First of all, I want to tell you I’ve become a very quiet blog reader lately. For those of you who are wondering if I’m still around, I’ll tell you that I’m reading your blogs in my Bloglines, and I’m just not commenting. Forgive me. The end of the school year is CRAZY busy around here.

I love all the things I’ve been learning through this study. It’s beyond eery how I’ll hear or read a verse from Beth Moore, then I’ll read it again in a book or hear it from a sermon. The same day! God is speaking to me in so many ways.

A few months ago, I had a crisis of faith. I really had some major doubts — about EVERYTHING. Do you ever feel this way — like you’re being tumbled around in a dryer full of wet clothes? Well, it started with lightning striking our computer, despite those surge protector things. It zapped our modem, printer, and hard drive. I was disconnected for about four days while we got some things fixed.

The timing couldn’t have been worse. After spending months of scribbling down design ideas and agonizing over every detail, I’d finally sent off my design order to start my blog! I had used PayPal for the first time ever and even signed up for my hosting service. Then — ZAP! Computer gone.

I was so worried my designer would call me with a question! And I’d set the goal of starting my blog by the first of October so I’d have a few posts written before the Glorieta writers’ conference in late October.

My husband put up with my calling him two or three times a day and asking him to check my email. After the fourth day, I walked to the mailbox in complete despair. I’m sorry I sound so shallow — but I keep up with everyone by email — even my parents, siblings, and local friends!

I remember walking back from the mailbox, and I was letting my thoughts run away with worry. What would we do if I could never get online again? What if I missed my deadlines? What if my husband’s car wore out?

We have a long driveway, and my fears raced even further. What are we going to do when our kids discover we’re the only people around who don’t own any video games? What if they start realizing their clothes aren’t name brands? How will we ever put five kids through college? What about weddings?!!

Aaggghhhh!!!

For just a minute, I thought, Is God real? Is He really there?

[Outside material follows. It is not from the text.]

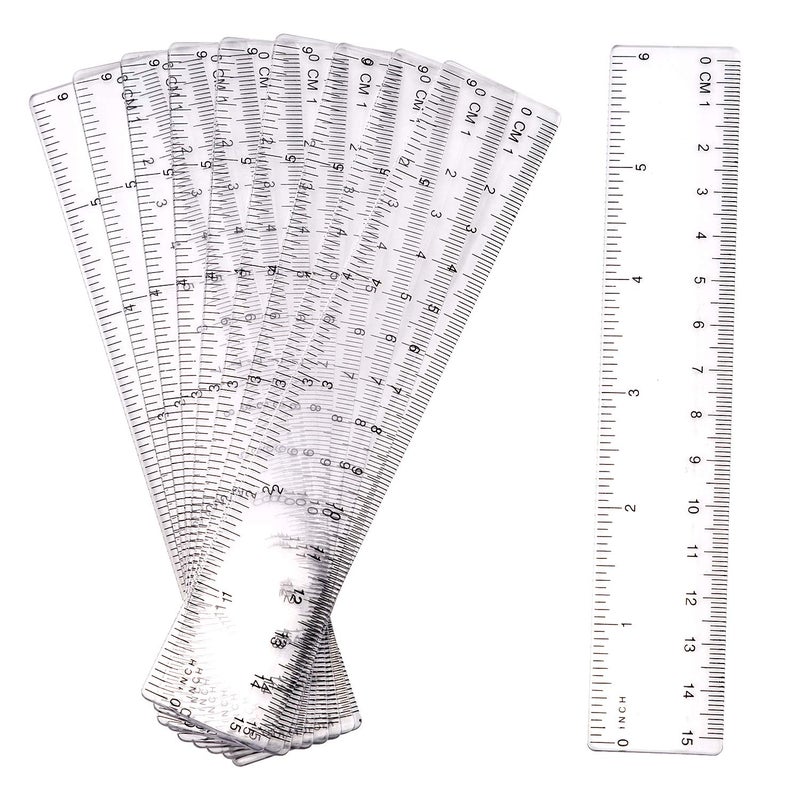 AIEX Ruler, 10 Pack Clear Plastic 15cm/6 Inch Drafting Tools, Transparent Measuring Tool for Student, School, Office, Artists, Engineers, Architects, Designers, Teachers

If He cared about me, then how come I’m feeling so lost and disconnected?

I know this may sound a bit kooky, but at that moment, I looked up, and the sky was completely clear and blue except for a white slash of clouds that were shaped perfectly like a cross. And I felt this impression in my heart of the Holy Spirit saying, I’m Here.

That was one of those moments I’ll never forget.

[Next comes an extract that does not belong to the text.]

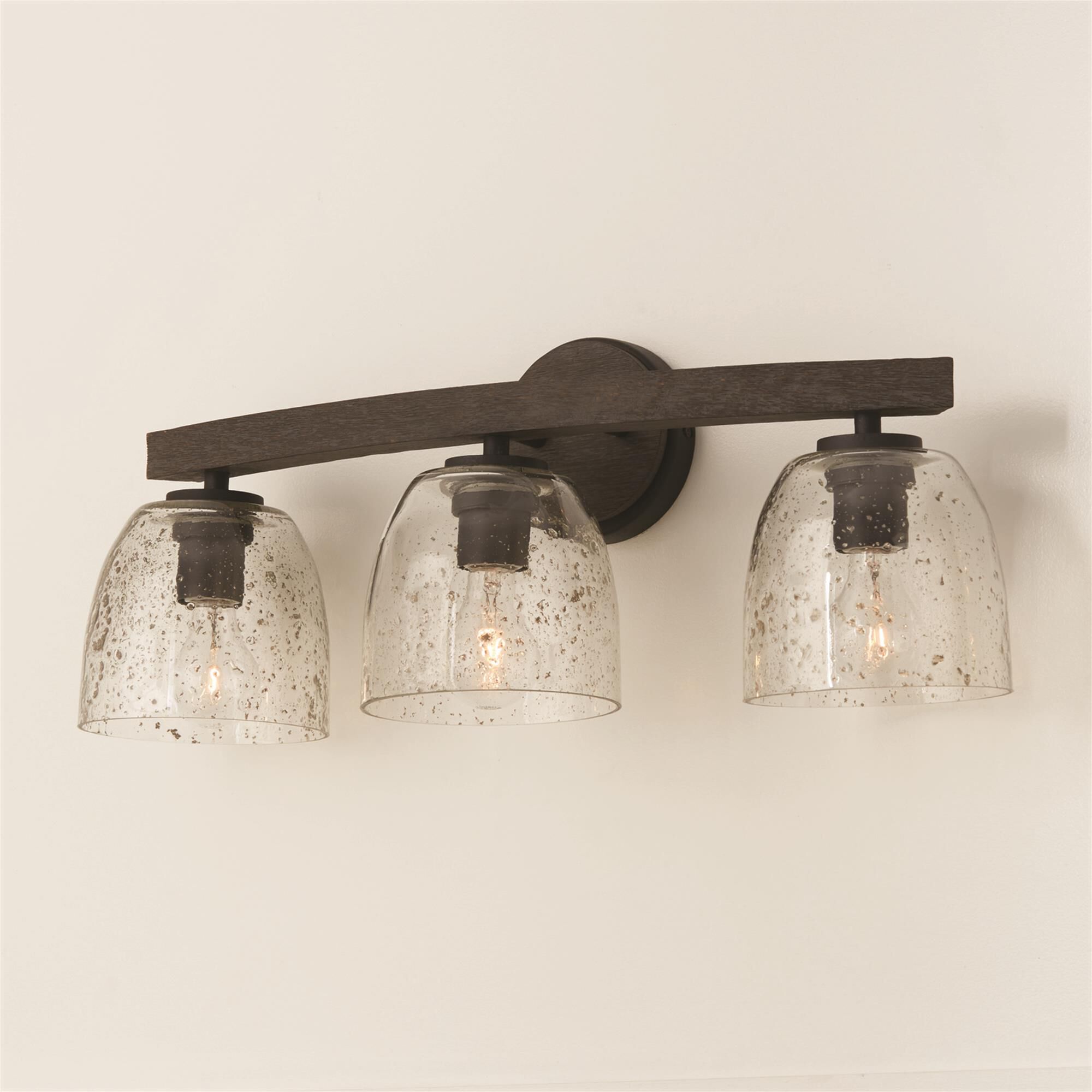 Shown in Carbon Grey and Black Iron finish and Stone Seeded glass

The next day, we were back online, and I had an email from someone inviting me to send a resume pronto for a possible devotional project. The editor was passing out assignments, and I might find a spot. So I sent it (by email of course). And I somehow got offered an assignment to help three other writers work on a book.

The title? Faith for Each Day.

So my crisis of faith led to an open door for me to help write a book on faith! Even more amazing, a friend invited me to join Beth Moore’s Believing God Bible Study, so I was suddenly surrounded by godly awesome women and the richest teaching I’d had in years.

I turned in my work on time, and the editor asked if I’d write a few more. I ended up writing over a hundred devotionals for this book. It’s being released soon — so if you see it, maybe my name will be written somewhere teeny-tiny along with a bunch of other people on the back of the title page.

Here’s what the publisher says about the book:

Like a daily energy boost, these inspiring entries begin with an insightful scripture followed by a powerful, relevant-to-the-day devotion that will remind readers that God truly longs for us to start the day with Him, that He is present in our lives even when things seem hectic, and He desires to richly bless us.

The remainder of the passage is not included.